◆ **TASK BRIEF**
Your answer must be the exact lines below, starting with the line with "Frontline Combat Sniper" and going on through the line with "Killer Watt Commodore 64 (Used)", both included, with no pictures.

──────────────────────────────

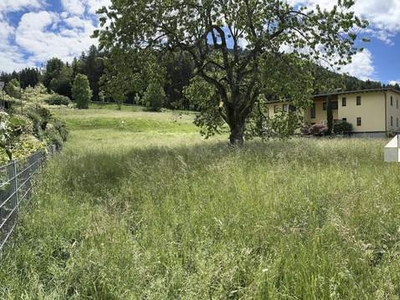 Die optimale Größe für Ihr Bauvorhaben und Wohnprojekt in GÖFIS. Verwirklichen Sie Ihr Bauprojekt in GÖFIS, in Stadtnähe zu Feldkirch und Rankweil, auf diesem weitläufigen Grundstück mit ca. 1.676 m² Grundfläche.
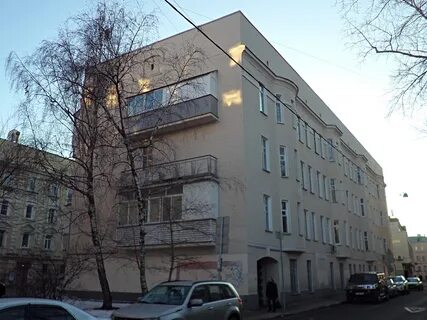 Товарищеский переулок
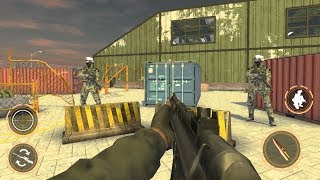 Frontline Combat Sniper Strike Modern FPS Hunter (by Tag Action Games) Android Gameplay [HD] screenshot 1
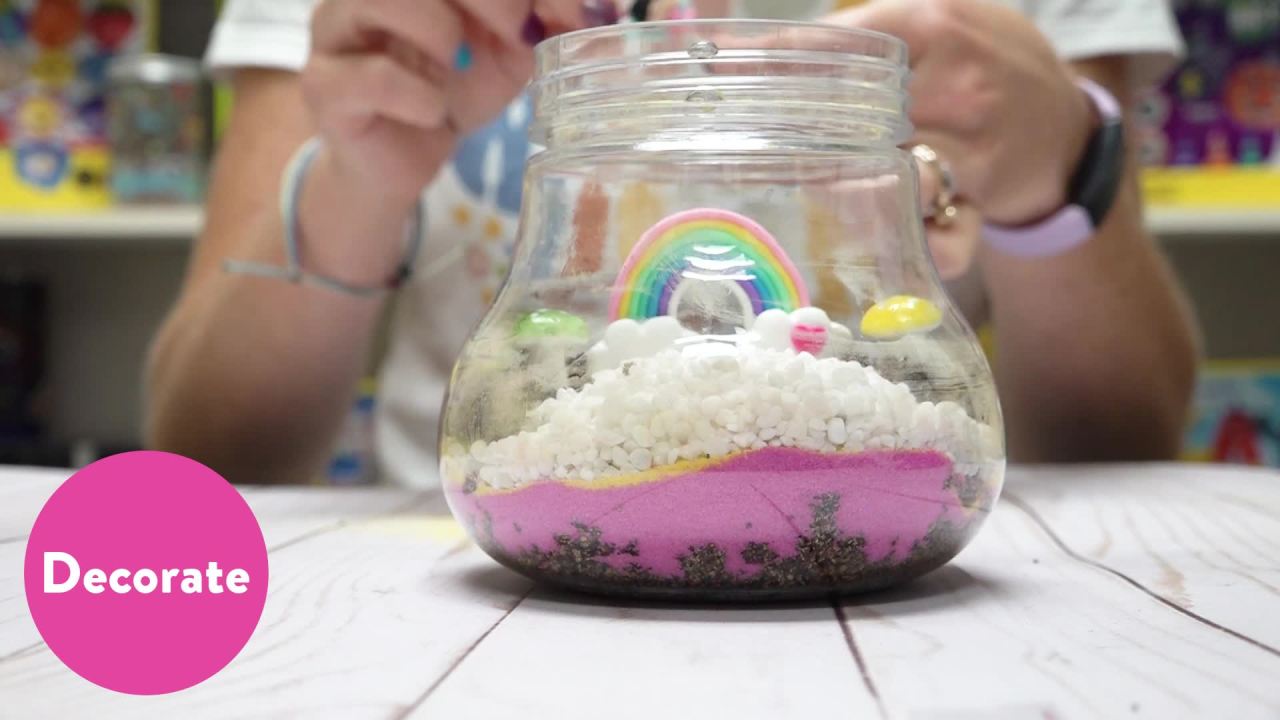 thumbnail video image 3 of Creativity for Kids Fairy Forest Garden- Child, Beginner Craft Kit for Ages 6 to 9+, 3 of 10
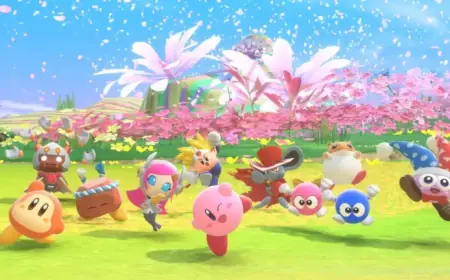 Sakurai Unveils Writing Kirby Air Riders’ Main Theme Lyrics, Explains Secrecy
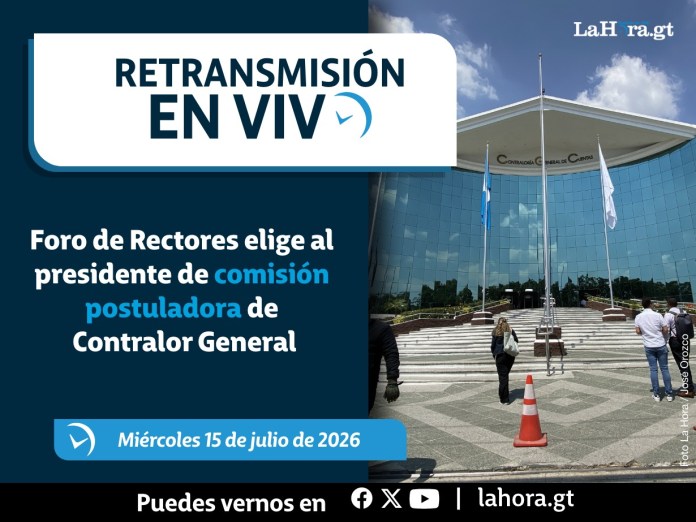 Retranmisión de la reunión del Foro de Rectores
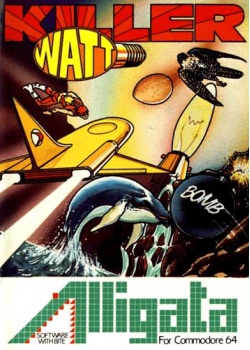 Killer Watt Commodore 64 (Used)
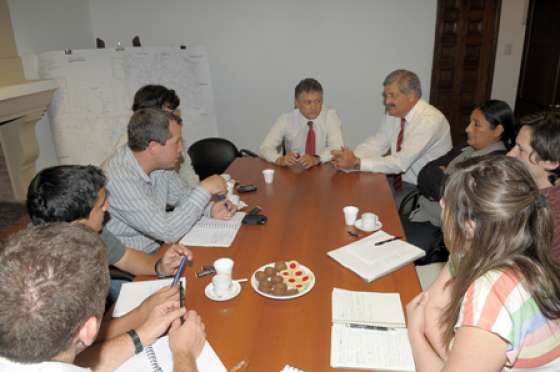 Comunidades originarias vallistas trabajarán en nuevos proyectos productivos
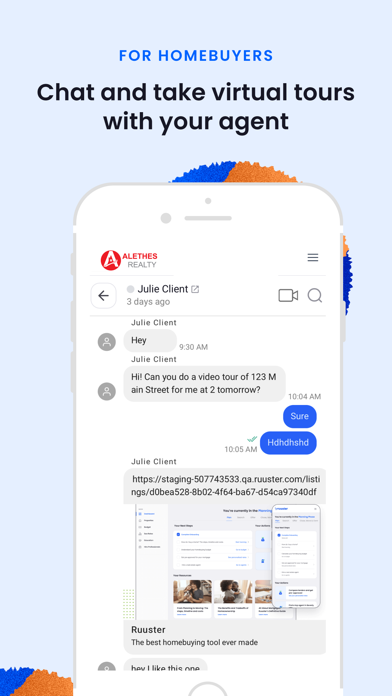 Alethes Realty Screenshot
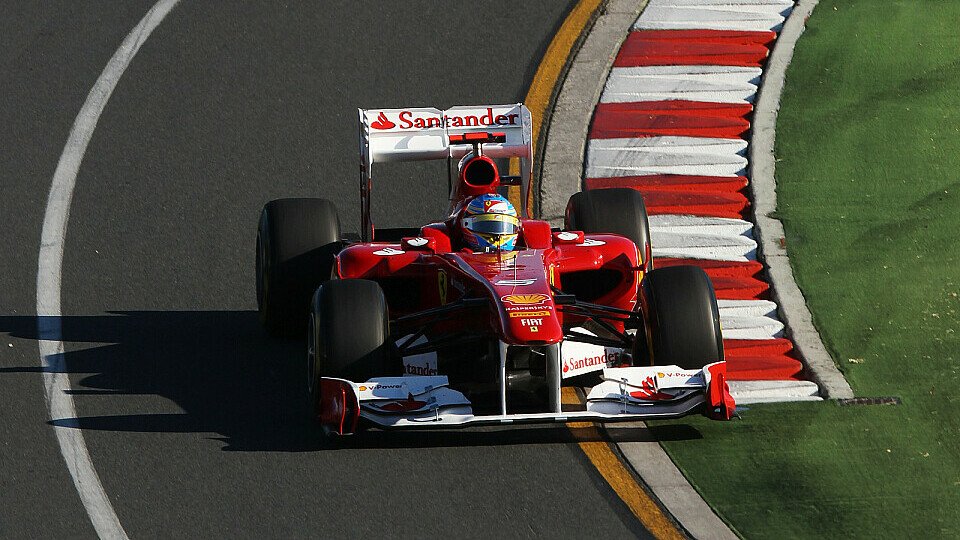 Briatore rät Ferrari Saison abzuschreiben, Foto: Sutton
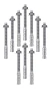 Anclaje Broca Fwa Fischer 12x150 Hormigon Expansion X10 - comprar online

──────────────────────────────

◆ **FINAL ANSWER**
 Frontline Combat Sniper Strike Modern FPS Hunter (by Tag Action Games) Android Gameplay [HD] screenshot 1
 thumbnail video image 3 of Creativity for Kids Fairy Forest Garden- Child, Beginner Craft Kit for Ages 6 to 9+, 3 of 10
 Sakurai Unveils Writing Kirby Air Riders’ Main Theme Lyrics, Explains Secrecy
 Retranmisión de la reunión del Foro de Rectores
 Killer Watt Commodore 64 (Used)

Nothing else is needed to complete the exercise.